Wednesday, 18 April 2018

Unconference: Hangarau Matihiko

This afternoon I elected to investigate Hangarau Matihiko or the Digital Curriculum. I went in feeling quite comfortable designing and developing digital outcomes, but feeling like I need some support to incorporate computational thinking into my teaching. I was also curious to see how this might look in Māori medium schools and what the reo behind this might be.

I was really excited to learn some kupu hou that involved technology - things like Netflix (Haoata), Google (Kūkara) and Meme (atakata). I thought that these would be wonderful to incorporate in my classroom as we so often use these kupu. It was really interesting to learn how these new words are created and approved.

We looked at some Māori contexts that could be used to teach computational thinking or te whakaaro rorohiko, such as placing mattresses in the Marae, setting a table, making Kai, flax weaving. The more relevant we can make that computational thinking, the more engaging it can be. It is all about identifying patterns and using algorithms. For more support, we looked at getting a Digital Passport, a site which takes you through the new digital curriculum.

We ended the session with an awesome vocab game called papaki, which was a bit like snap but with te reo. It was pretty fun and I can imagine my children would really enjoy it.

Tuesday, 17 April 2018

Ignite: My Takeaways

The first presenter,  Dorothy Burt lead a thought provoking session regarding educational policy. She asked us to reflect upon New Zealand's history in Education. She took us back 60 years to look at the hands on approach that educators such as Elwyn Richardson used. This was a time of creativity, where students loved learning and were provided with rich learning experiences.

She linked the lack of creativity and tactile experiences in today's curriculum to the recent announcement by the Ministry that they would once again review educational policy. She asked teachers to find time to create learning experiences that require creativity during the holidays.
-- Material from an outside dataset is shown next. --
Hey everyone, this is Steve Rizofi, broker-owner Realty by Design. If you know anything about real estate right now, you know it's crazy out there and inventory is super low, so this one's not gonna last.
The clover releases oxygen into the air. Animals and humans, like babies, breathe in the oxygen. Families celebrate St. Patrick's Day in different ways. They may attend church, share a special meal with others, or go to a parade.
Anthony Speranza sought to give us hope that it is possible to change our teaching. He spoke of asking his students what they thought a good learner was. This idea had been presented to me at PD before and it had previously challenged my thinking. This year I made sure to begin by explicitly discussing the difference between learning and behaviour and I continued the conversation throughout the term. Anthony noted that teachers need to model the behaviours that we hope to see in our learners. We need to take risks and model a growth mindset if that is what we expect our learners to hold. I will continue to enact these behaviours in the classroom and I will keep the dialogue open.
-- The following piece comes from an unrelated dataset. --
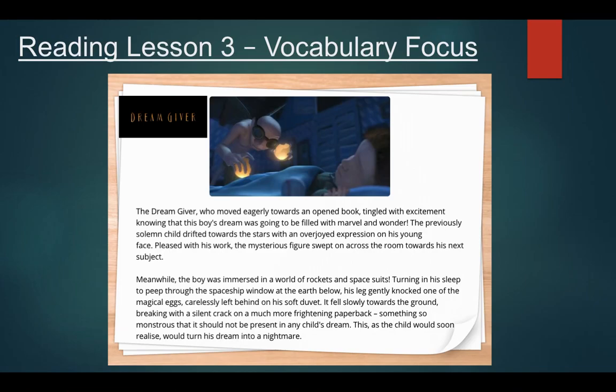Hello and welcome to our third reading lesson based on the short film Dreamgiver. Today we're going to be focusing on vocabulary and understanding some of the trickier words coming up on this page.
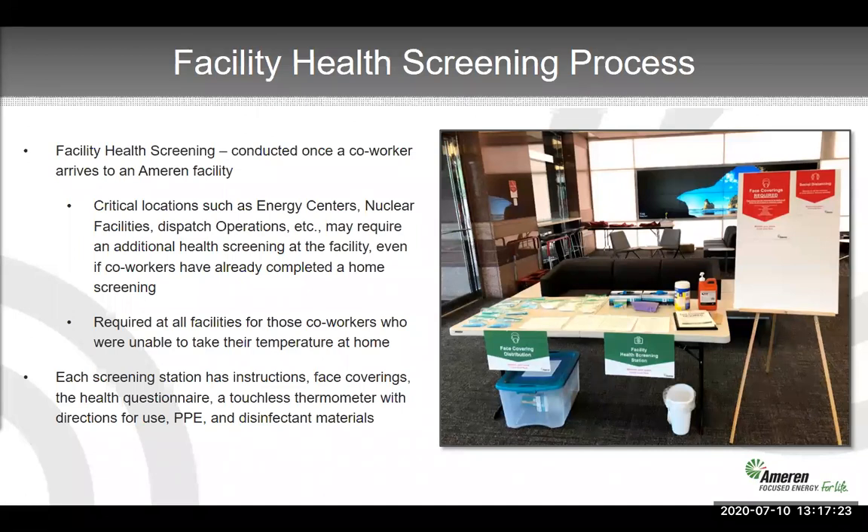All of these things I'm discussing are in a written document available to all of our coworkers as well as supervisors — anybody who might be leading people. We also have a training that everybody has to go through that covers all of these things I'm describing in more detail.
Dot Apelu then took us through her inquiry regarding writing and blogging. It was pretty cool to get more of an insight into the college and the way that they are continuing to use blogger. She created some wonderful authentic experiences for her learners to engage them and she saw great acceleration because of this. I also realised what a fabulous person she would be to connect with in the future and I will definitely be following her blog.